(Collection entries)
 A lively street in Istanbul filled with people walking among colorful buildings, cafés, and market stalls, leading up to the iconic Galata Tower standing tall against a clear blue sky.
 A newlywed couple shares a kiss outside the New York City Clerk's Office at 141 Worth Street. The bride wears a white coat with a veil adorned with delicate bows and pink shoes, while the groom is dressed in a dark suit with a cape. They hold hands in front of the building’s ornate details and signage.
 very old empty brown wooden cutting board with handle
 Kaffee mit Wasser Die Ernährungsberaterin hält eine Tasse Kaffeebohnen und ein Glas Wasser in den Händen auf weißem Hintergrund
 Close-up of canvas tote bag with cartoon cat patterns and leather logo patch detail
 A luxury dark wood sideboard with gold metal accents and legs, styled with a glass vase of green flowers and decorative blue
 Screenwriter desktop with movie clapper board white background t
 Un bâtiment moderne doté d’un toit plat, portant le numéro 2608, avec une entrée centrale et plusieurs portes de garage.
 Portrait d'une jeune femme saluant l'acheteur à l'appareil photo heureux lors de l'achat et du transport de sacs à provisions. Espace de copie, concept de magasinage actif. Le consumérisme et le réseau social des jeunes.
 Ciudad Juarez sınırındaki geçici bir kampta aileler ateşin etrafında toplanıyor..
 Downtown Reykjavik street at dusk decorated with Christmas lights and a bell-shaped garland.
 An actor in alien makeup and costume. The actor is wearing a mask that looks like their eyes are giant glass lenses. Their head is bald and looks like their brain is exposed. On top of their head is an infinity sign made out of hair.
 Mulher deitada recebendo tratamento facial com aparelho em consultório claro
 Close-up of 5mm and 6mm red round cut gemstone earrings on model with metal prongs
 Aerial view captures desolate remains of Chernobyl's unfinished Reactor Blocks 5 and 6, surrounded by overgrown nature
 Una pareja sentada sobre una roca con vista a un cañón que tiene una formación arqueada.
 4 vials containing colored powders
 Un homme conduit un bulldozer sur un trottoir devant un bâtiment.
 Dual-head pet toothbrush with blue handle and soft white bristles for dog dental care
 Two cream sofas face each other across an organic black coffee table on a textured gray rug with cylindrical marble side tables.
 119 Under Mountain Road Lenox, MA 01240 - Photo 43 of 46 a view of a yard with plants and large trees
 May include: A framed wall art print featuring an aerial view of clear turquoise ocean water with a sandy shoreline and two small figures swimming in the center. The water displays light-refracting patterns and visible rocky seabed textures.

**What the exercise asks:** Retype exactly the lines above, from the one with "Mulher deitada recebendo" through the one with "Una pareja sentada", inclusive.

**Your response:**
 Mulher deitada recebendo tratamento facial com aparelho em consultório claro
 Close-up of 5mm and 6mm red round cut gemstone earrings on model with metal prongs
 Aerial view captures desolate remains of Chernobyl's unfinished Reactor Blocks 5 and 6, surrounded by overgrown nature
 Una pareja sentada sobre una roca con vista a un cañón que tiene una formación arqueada.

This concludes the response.